REQUIRED ACTION:
Task for the records below: copy exactly from the first line on, stopping once the line with "2532 Brittany Ln, East Troy, WI 53120" is copied, and leave out the pictures.

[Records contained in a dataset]
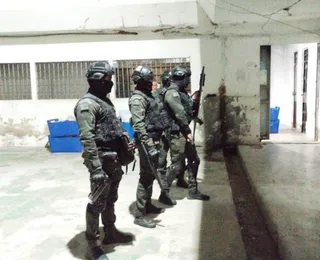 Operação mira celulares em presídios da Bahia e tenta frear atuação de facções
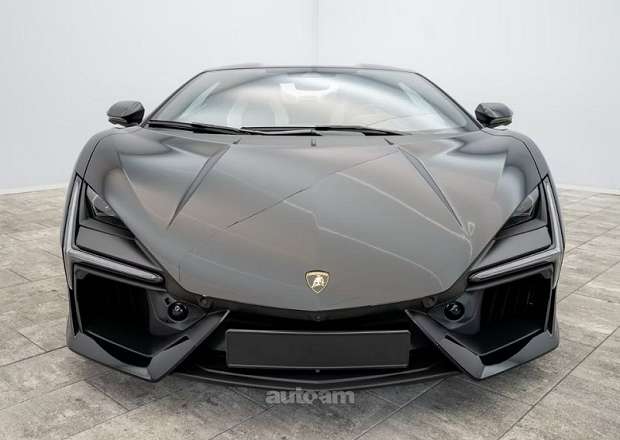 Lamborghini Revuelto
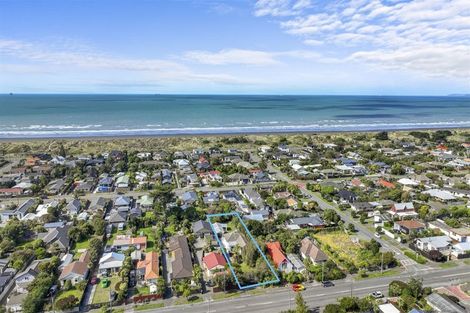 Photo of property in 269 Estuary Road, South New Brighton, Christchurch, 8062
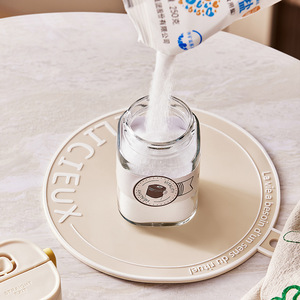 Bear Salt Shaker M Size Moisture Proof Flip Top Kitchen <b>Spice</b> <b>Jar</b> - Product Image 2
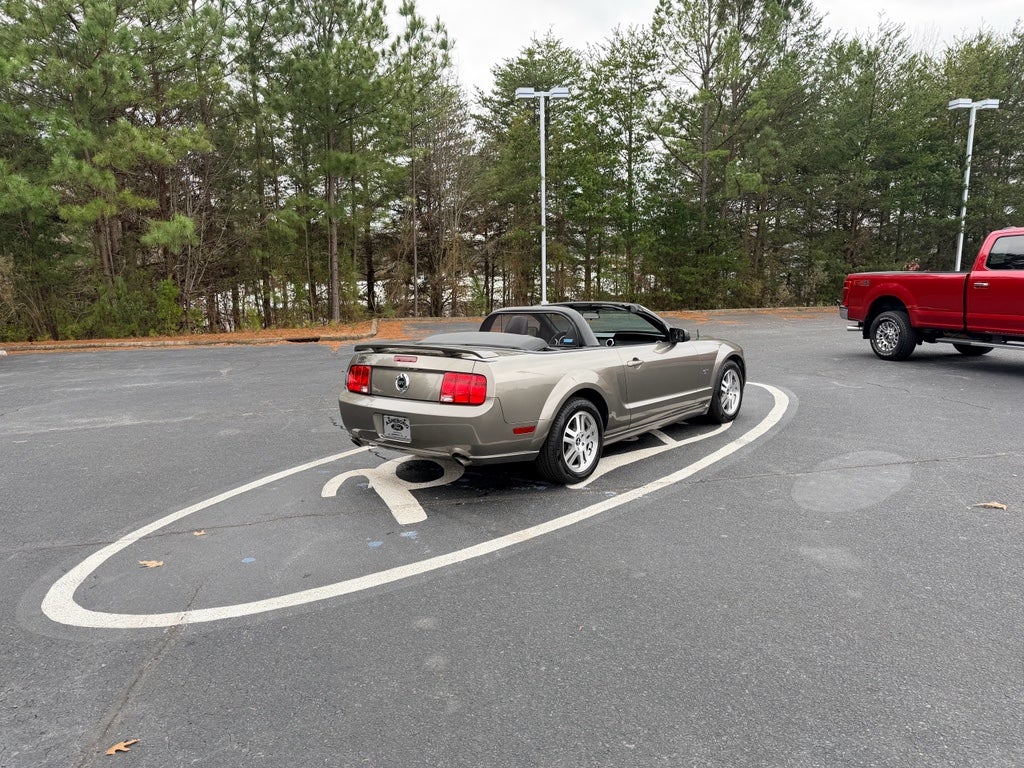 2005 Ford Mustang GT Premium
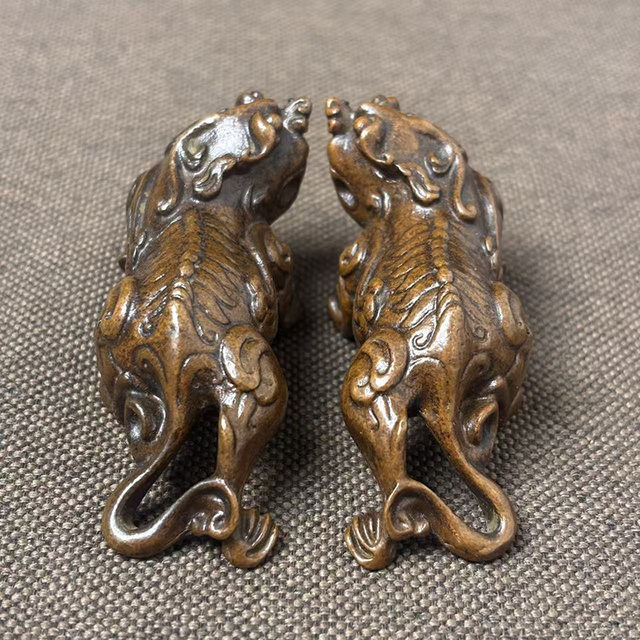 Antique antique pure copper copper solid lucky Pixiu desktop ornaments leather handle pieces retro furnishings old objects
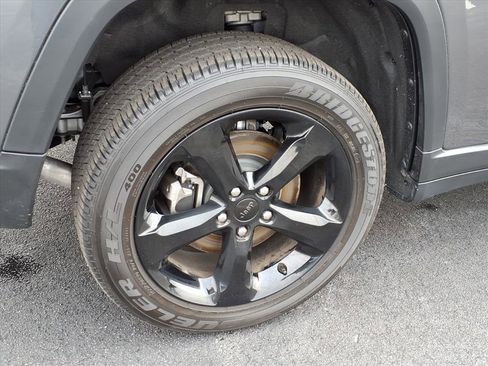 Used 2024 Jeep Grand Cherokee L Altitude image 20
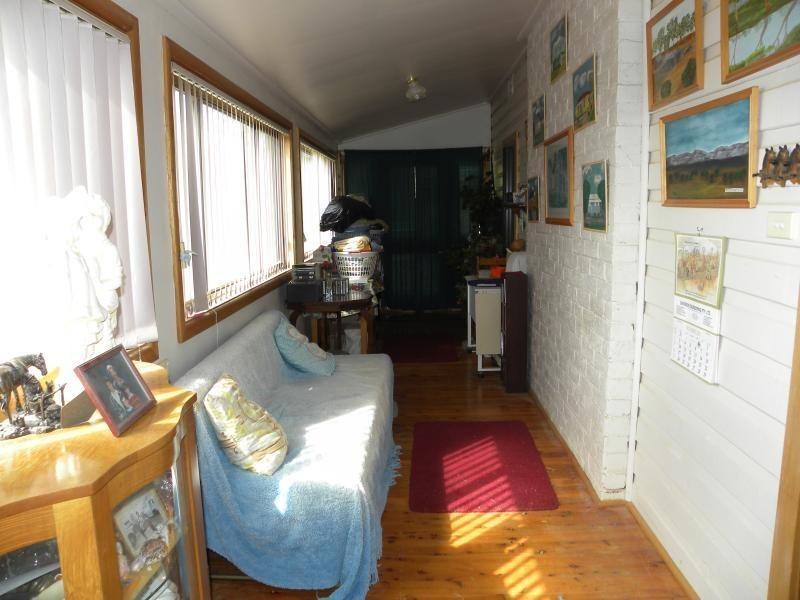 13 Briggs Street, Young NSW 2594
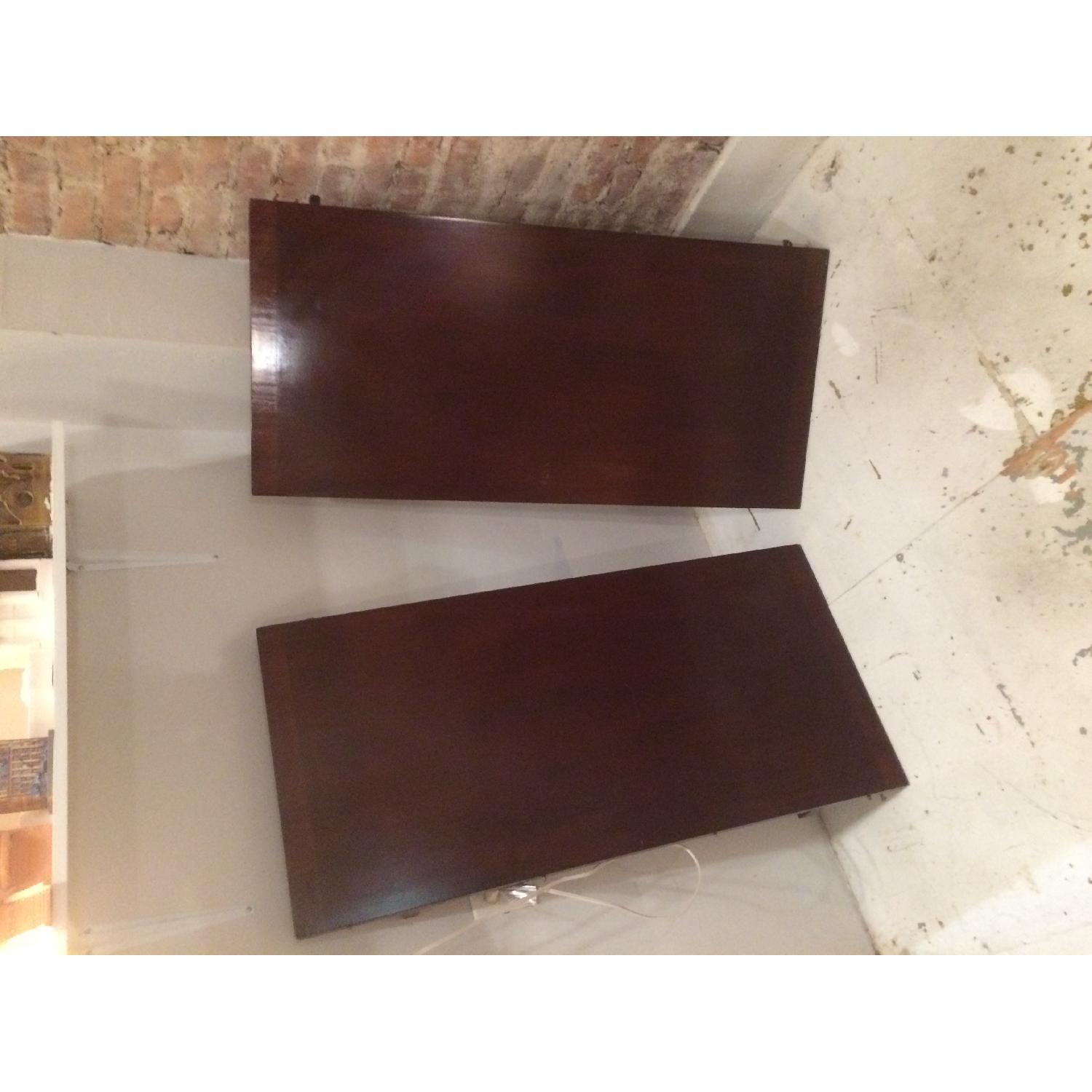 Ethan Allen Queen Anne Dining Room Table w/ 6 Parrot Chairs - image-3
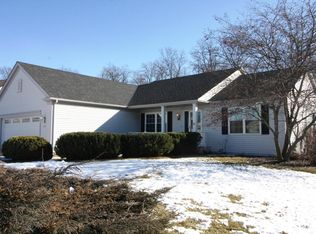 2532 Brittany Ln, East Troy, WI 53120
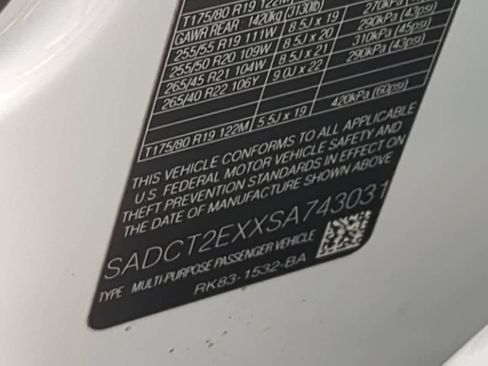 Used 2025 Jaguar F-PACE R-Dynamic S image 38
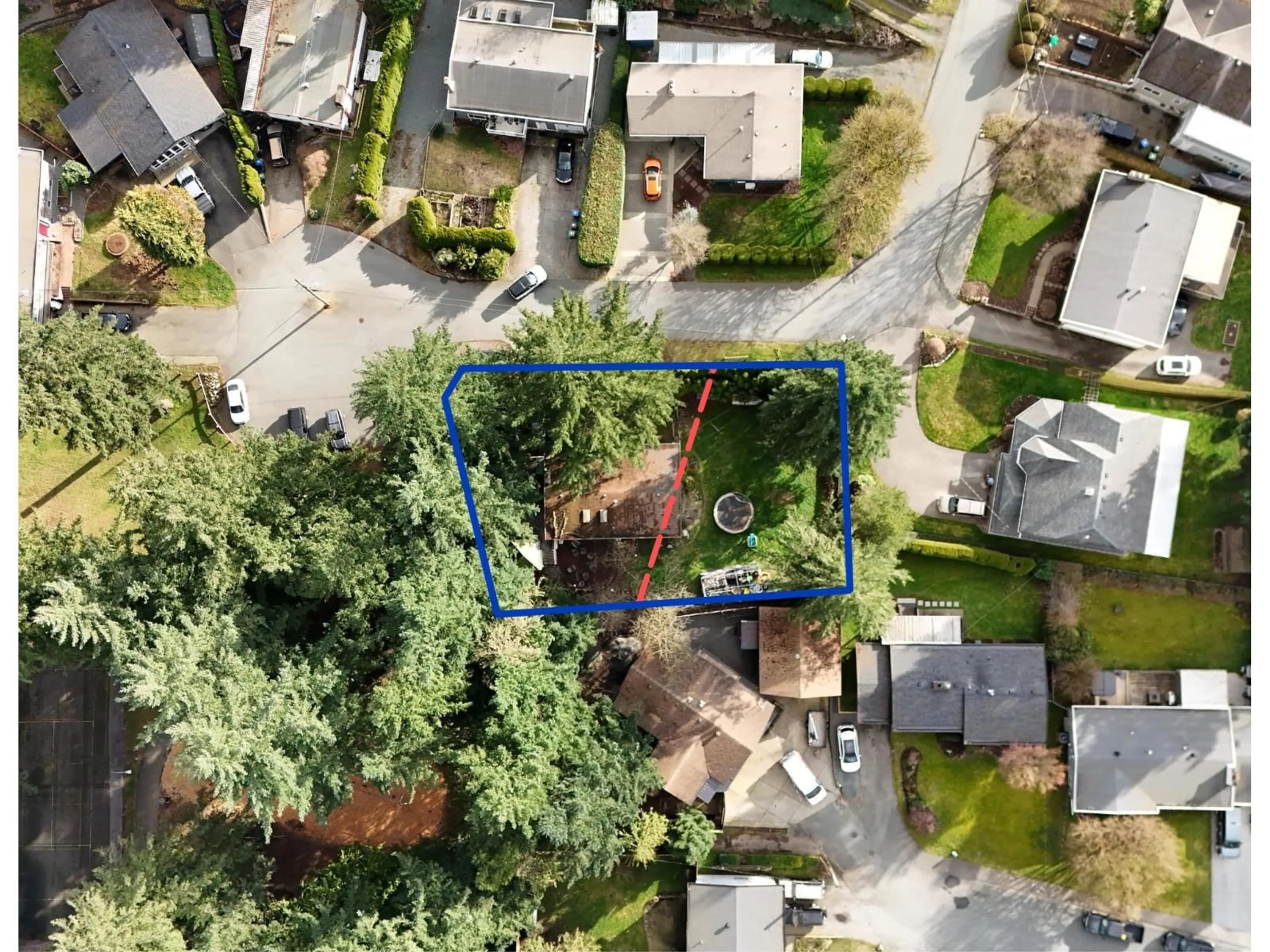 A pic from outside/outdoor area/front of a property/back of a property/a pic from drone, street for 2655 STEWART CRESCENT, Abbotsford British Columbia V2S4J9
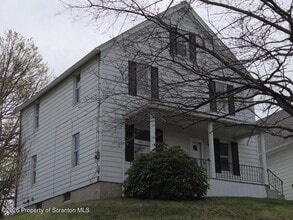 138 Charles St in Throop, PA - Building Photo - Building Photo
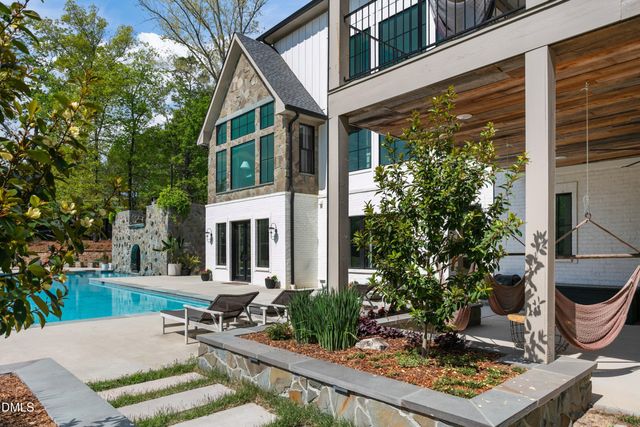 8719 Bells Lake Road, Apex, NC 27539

RESULT FOR THIS EXERCISE:
 Operação mira celulares em presídios da Bahia e tenta frear atuação de facções
 Lamborghini Revuelto
 Photo of property in 269 Estuary Road, South New Brighton, Christchurch, 8062
 Bear Salt Shaker M Size Moisture Proof Flip Top Kitchen <b>Spice</b> <b>Jar</b> - Product Image 2
 2005 Ford Mustang GT Premium
 Antique antique pure copper copper solid lucky Pixiu desktop ornaments leather handle pieces retro furnishings old objects
 Used 2024 Jeep Grand Cherokee L Altitude image 20
 13 Briggs Street, Young NSW 2594
 Ethan Allen Queen Anne Dining Room Table w/ 6 Parrot Chairs - image-3
 2532 Brittany Ln, East Troy, WI 53120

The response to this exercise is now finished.